* **WHAT THE EXERCISE ASKS**
Reproduce exactly the stretch of lines running from the line with "Sketch not wearing" to the end of the entries below.
——————————
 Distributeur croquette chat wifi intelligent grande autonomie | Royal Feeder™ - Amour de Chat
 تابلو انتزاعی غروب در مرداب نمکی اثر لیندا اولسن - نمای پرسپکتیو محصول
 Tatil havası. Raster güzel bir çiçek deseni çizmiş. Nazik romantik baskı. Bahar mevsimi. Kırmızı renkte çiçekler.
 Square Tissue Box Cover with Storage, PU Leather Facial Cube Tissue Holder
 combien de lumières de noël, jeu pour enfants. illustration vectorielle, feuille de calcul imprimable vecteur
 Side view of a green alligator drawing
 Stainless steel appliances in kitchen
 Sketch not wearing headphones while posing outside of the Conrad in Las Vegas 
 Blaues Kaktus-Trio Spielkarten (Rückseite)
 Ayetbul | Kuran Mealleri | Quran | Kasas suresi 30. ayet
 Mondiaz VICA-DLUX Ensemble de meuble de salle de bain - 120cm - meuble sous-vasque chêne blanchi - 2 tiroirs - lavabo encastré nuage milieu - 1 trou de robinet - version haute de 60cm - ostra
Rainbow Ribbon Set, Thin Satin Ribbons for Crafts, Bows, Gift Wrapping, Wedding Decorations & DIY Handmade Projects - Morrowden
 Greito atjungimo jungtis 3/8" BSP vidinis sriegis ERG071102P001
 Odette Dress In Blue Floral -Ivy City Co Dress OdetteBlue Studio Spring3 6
——————————
* **OUTPUT OF THE EXERCISE**
 Sketch not wearing headphones while posing outside of the Conrad in Las Vegas 
 Blaues Kaktus-Trio Spielkarten (Rückseite)
 Ayetbul | Kuran Mealleri | Quran | Kasas suresi 30. ayet
 Mondiaz VICA-DLUX Ensemble de meuble de salle de bain - 120cm - meuble sous-vasque chêne blanchi - 2 tiroirs - lavabo encastré nuage milieu - 1 trou de robinet - version haute de 60cm - ostra
Rainbow Ribbon Set, Thin Satin Ribbons for Crafts, Bows, Gift Wrapping, Wedding Decorations & DIY Handmade Projects - Morrowden
 Greito atjungimo jungtis 3/8" BSP vidinis sriegis ERG071102P001
 Odette Dress In Blue Floral -Ivy City Co Dress OdetteBlue Studio Spring3 6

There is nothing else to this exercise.